Le personnage central de ce second tome est Joseph Severn, autrement dit un second cybride de Keats (1), qui dans ses rêves assiste aux actes et discussions des pèlerins aux prises avec le gritche et les Tombeau du Temps. Chaînon manquant entre l’humanité et la TechnoCentre, domaine des intelligences artificielles, Severn semble beaucoup intéresser Meina Gladstone, la présidente du Retz, qui a bien du mal à décider de la tactique à adopter face à l’essaim extro qui attaque Hypérion, où les pèlerins affrontent leur destin.

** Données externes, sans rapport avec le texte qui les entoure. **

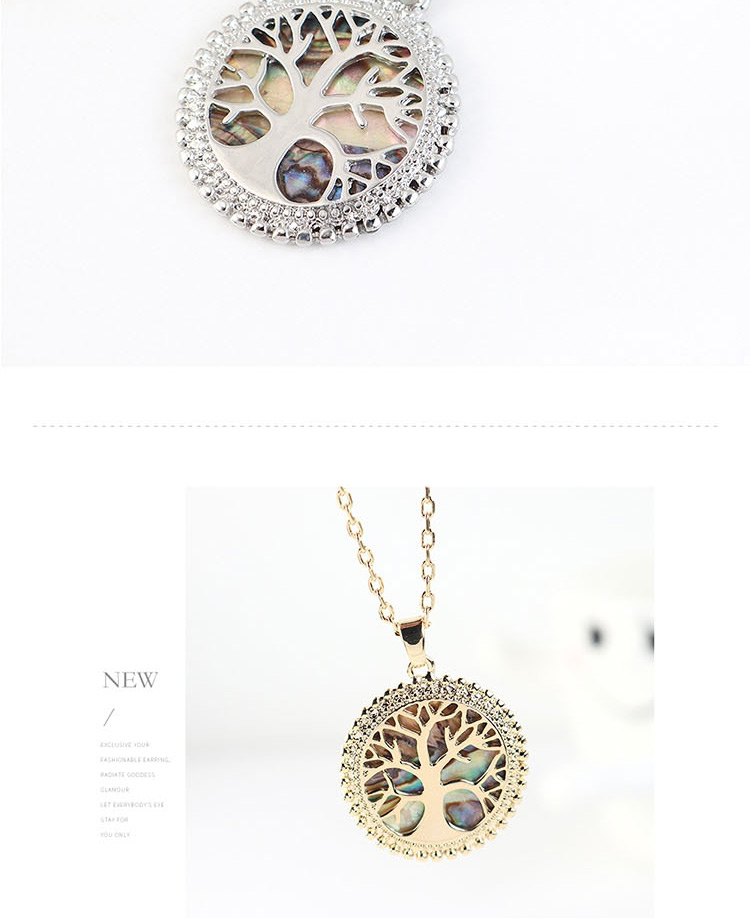 Fashion Platinum Lucky Tree Geometric Round Hollow Necklace,Crystal Necklaces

La Chute d’Hypérion permet de réaliser à quel point le premier volume pouvait être piégé. Ici, il fait éclater l’idée que le lecteur avait de ce futur par touches progressives, jusqu’à la révélation presque finale : l’identité de l’ennemi, et sa localisation. Révélation qui entraîne non la destruction de l’humanité, mais d’un élément essentiel de son organisation sociale — et ne comptez pas sur moi pour vous révéler lequel ! Tout se passe en fait comme si Simmons n’avait pris autant de soin à décrire l’univers d’Hypérion que pour mieux l’anéantir en fin de compte. Une démarche au fond classique — beaucoup de mondes de SF n’ont été créés qu’en vue de leur destruction.
Là où les choses se gâtent, c’est dans la progression de l’intrigue. Comme L’Échiquier du mal, La Chute d’Hypérion n’est pas exempt de longueurs. Malgré les coups de théâtre qui se succèdent — parfois artificiellement — on a souvent l’impression de piétiner. Cela tient à la longueur du livre et au grand nombre de personnages. Laisser Untel suspendu au bord d’un abîme, avec les doigts qui glissent doucement, pendant des dizaines et des dizaines de pages, histoire de voir ce que font pendant ce temps-là les autres protagonistes, est une technique littéraire bien connue ; on peut même en rajouter avec de brèves allusions insérées dans les autres lignes de narration, afin d’accentuer le suspense. Mais lorsque ce sont quatre, cinq ou six personnages ou groupes de personnages qui se retrouvent sur le fil du rasoir, le lecteur finit par avoir une impression de « fabriqué ». Enfin, lors du crescendo qui occupe l’essentiel de la deuxième moitié de La Chute d’Hypérion, l’avalanche de révélations, toutes plus vertigineuses les unes que les autres, finit par lasser — d’autant que certaines d’entre elles paraissent un peu abusives. Et Simmons a beau justifier l’importance accordée à la religion et à la théologie lorsqu’il dévoile la véritable nature de la lutte, il faut tout de même de la bonne volonté pour marcher dans son empilement mystico-scientifique quelque peu brouillon.
La lecture d’Hypérion laisait penser que Dan Simmons était un grand auteur — voire un génie, comme l’ont écrit certains. Celle de La Chute d’Hypérion remet les pendules à l’heure : Simmons se contente d’être un bon faiseur, et son dyptique un bon roman de SF. Ce n’est déjà pas si mal.